● INSTRUCTIONS TO FOLLOW:
Pictures in the listing do not belong in the copy, which should repeat exactly the lines from the one holding "OsteoBiol® Putty" through the last line.

● GIVEN DATA:

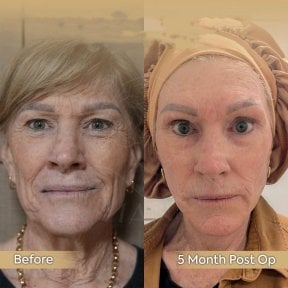 Deep Plane Facelift Vorher-Nachher-Ergebnis bei Dr. Safa Manav Clinic, 5 Monate post-op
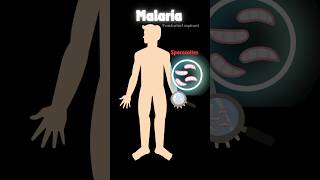 Malaria amp life cycle of plasmodium 🦟 neetbiology humanhealthanddisease neet pw viralshorts [upl. by Barnett]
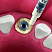 OsteoBiol® Putty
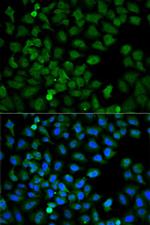 HSC70 Antibody in Immunocytochemistry (ICC/IF)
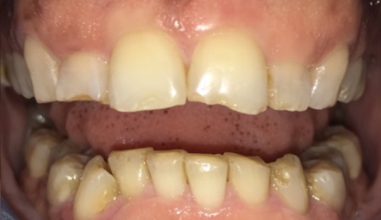 Before - Smilemakerdentalcare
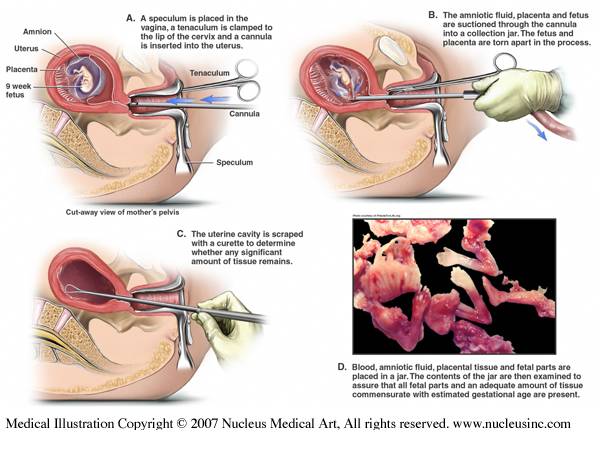 Abortions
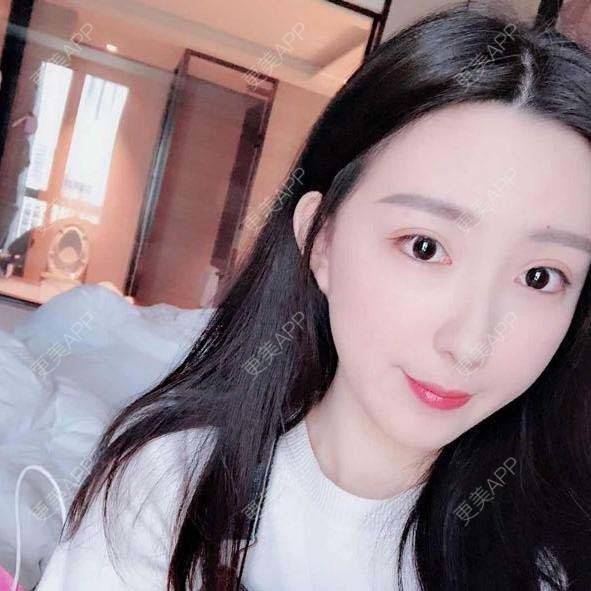 更美 - 捧了个棒的玻尿酸下巴经验 | 玻尿酸下巴 | 杭州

● OUTPUT BELOW:
 OsteoBiol® Putty
 HSC70 Antibody in Immunocytochemistry (ICC/IF)
 Before - Smilemakerdentalcare
 Abortions
 更美 - 捧了个棒的玻尿酸下巴经验 | 玻尿酸下巴 | 杭州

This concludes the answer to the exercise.